The Planning Commission’s expert committee headed by K Kasturirangan has finally felt the heat of environmental pressure groups that are fighting against the Nethravati river diversion project and two other hydro projects proposed in the Western Ghats.
The committee on Tuesday visited the hydro projects at Gundia and Yettinaholay, where the members of the pressure groups met the committee and represented their objections and observations.
Armed with the report of the Western Ghats Ecology Expert Panel (WGEEP), the groups insisted that all the three projects should be shelved by the government. They particularly highlighted the impact of the Yettinaholay hydro project, which has been proposed to come up at the mouth of the proposed garland canal for the Nethravati river-diversion project.
“The WGEEP report drafted by Madhav Gadgil committee has already pointed out that the Western Ghats is left with only 16% forest cover. Taking up these three projects will further reduce the forest cover to irreparable levels. Furthermore, the loss of wildlife habitat will push many species to the brink of extinction,” Hemmige Mohan, leader of the environmental groups of Hassan said after meeting the expert committee.
Mohan added that the garland canal project and the hydro electric project at Yettinaholay will also inflict great losses in terms of destruction of evergreen forests.
“To execute the project, roads will have to be laid for the machinery to move to the project site. It will fragment many perennial rivulets and water bodies that are important for sustaining the hydro-morphological profile of the Western Ghats. In the long run, both Hassan and Dakshina Kannada districts will be rendered dry if these projects come up,” Mohan said.
All the three projects will also fragment elephant corridors, mainly the one between Brahmagiri and Pushpagiri peaks.
“We do not know if the tiger habitat would also be disturbed. We are studying that aspect too,” one of the conservationists said.
Former MLA Vijaykumar Shetty, who met Kasturirangan in Mangalore, had appealed to him to advise the government to shelve the Nethravati river diversion project, which is now called Yettinaholay project.
“Yettinaholay was the main tributary to the Nethravati river throughout the year, but in recent times the inflow into the Nethravati river from Yettinaholay has decreased drastically, resulting in the river drying up in early February, plunging the city of Mangalore into water scarcity.

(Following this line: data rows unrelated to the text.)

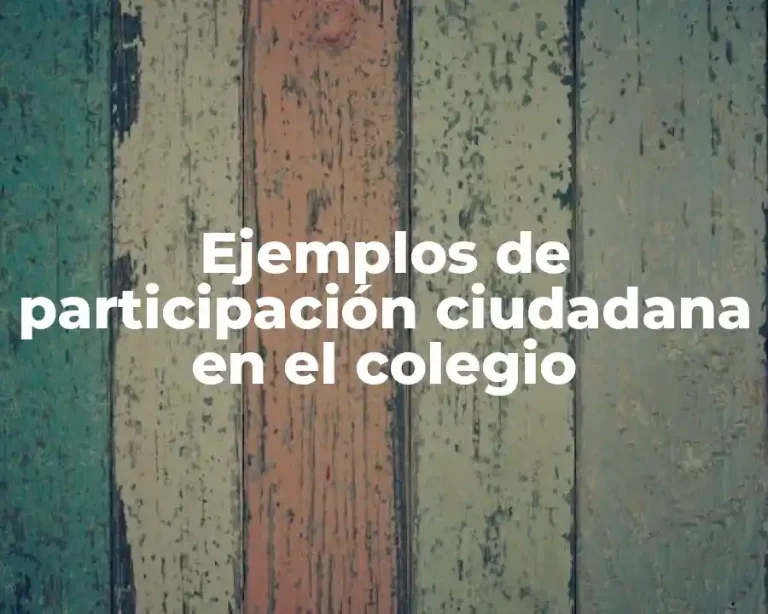 Ejemplos de participación ciudadana en el colegio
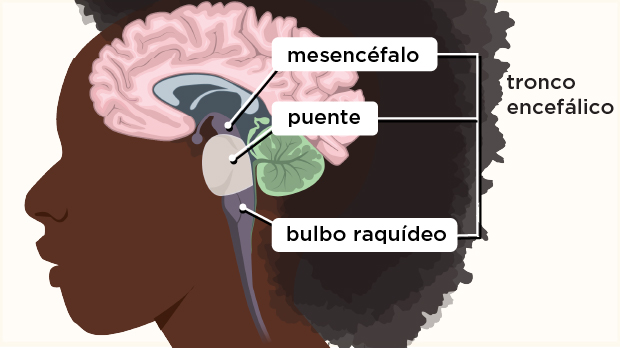 La protuberancia transmite mensajes desde el cerebro hacia el cerebelo y la médula espinal.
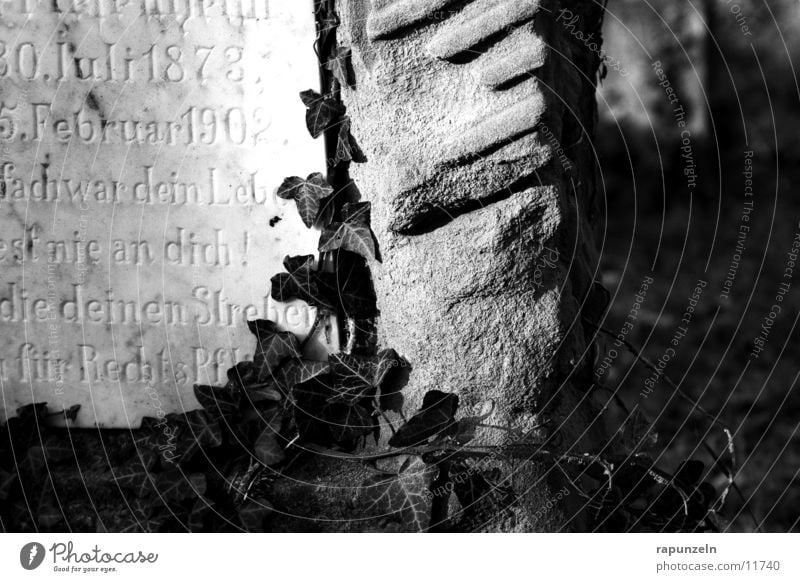 Grave #2 Judaism Cemetery Tomb Tombstone Inscription Ivy Overgrown Historic Decoration Sun Light (Natural Phenomenon) Shadow Deserted Exterior shot Detail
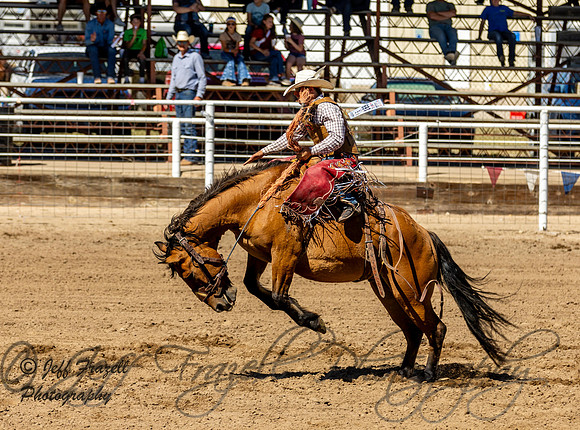 IMG_2437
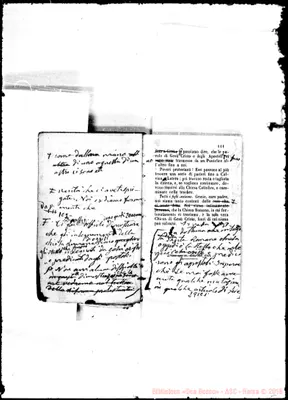Fotogramma C 1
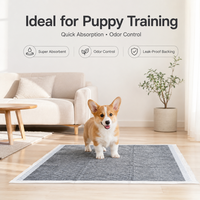 Tapis pour chiots en charbon de bambou, haute absorption, anti-fuites, pour l'apprentissage à la propreté à la maison, OEM ODM Marque Privée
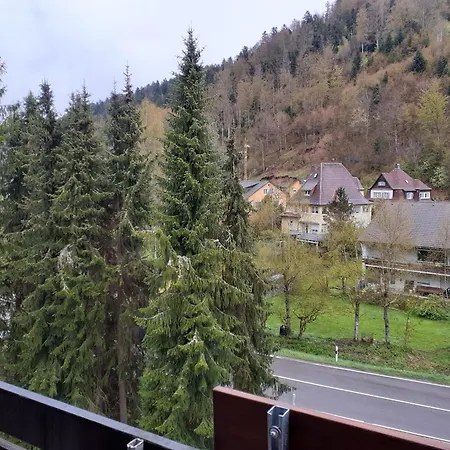Beale Apartmán Todtmoos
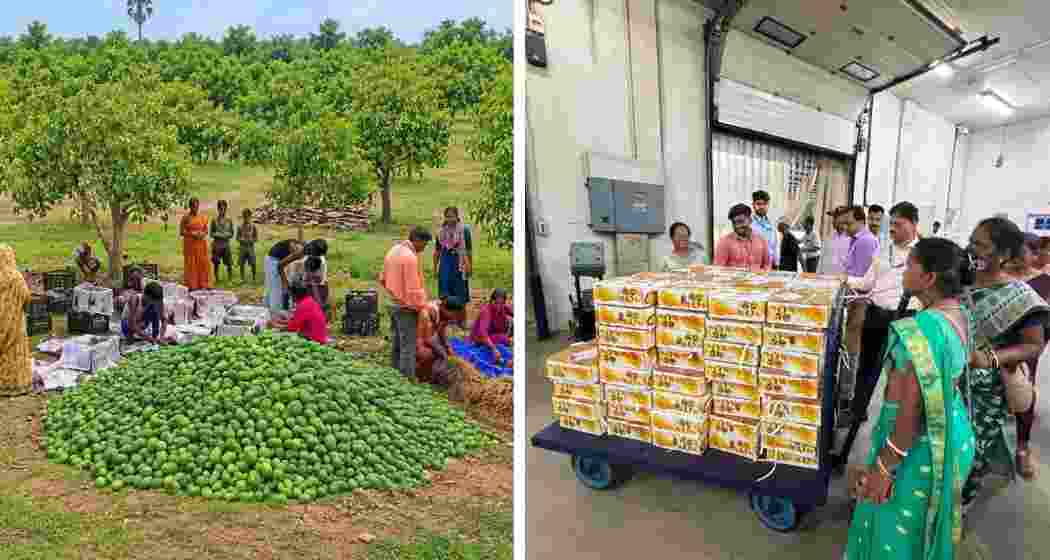 (L) Farmers sort and grade Amrapali mangoes at Beura Farmer Producer Company in Simdega district, Jharkhand. (R) The first commercial consignment of fresh mangoes from Jharkhand is prepared for export to the United Kingdom. (L) Farmers sort and grade Amrapali mangoes at Beura Farmer Producer Company in Simdega district, Jharkhand. (R) The first commercial consignment of fresh mangoes from Jharkhand is prepared for export to the United Kingdom.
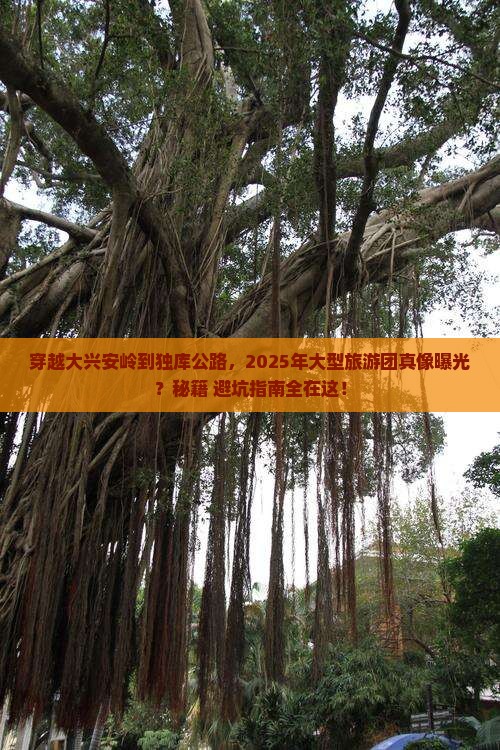 大兴安岭去新疆独库公路大型旅游团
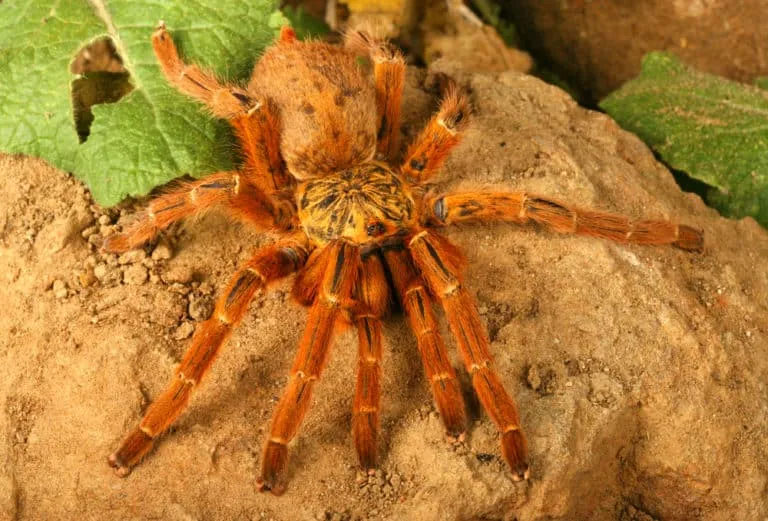 21028 blue tarantula conservation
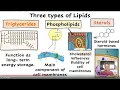Lipids - General Biology Updated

“If more hydro projects come in the Western Ghats, the sweet water dumping into the Arabian sea will also be reduced drastically, leading to the increase of salinity of the sea, which will affect the marine life,” Shetty said.
Kasturirangan assured the groups that he and his group were there to study the situation arising out of hydro projects in the Western Ghats in the backdrop of the WGEEP report and the expert group will not take any view without consulting the stakeholders and the suggestions of the other states that share the Western Ghats.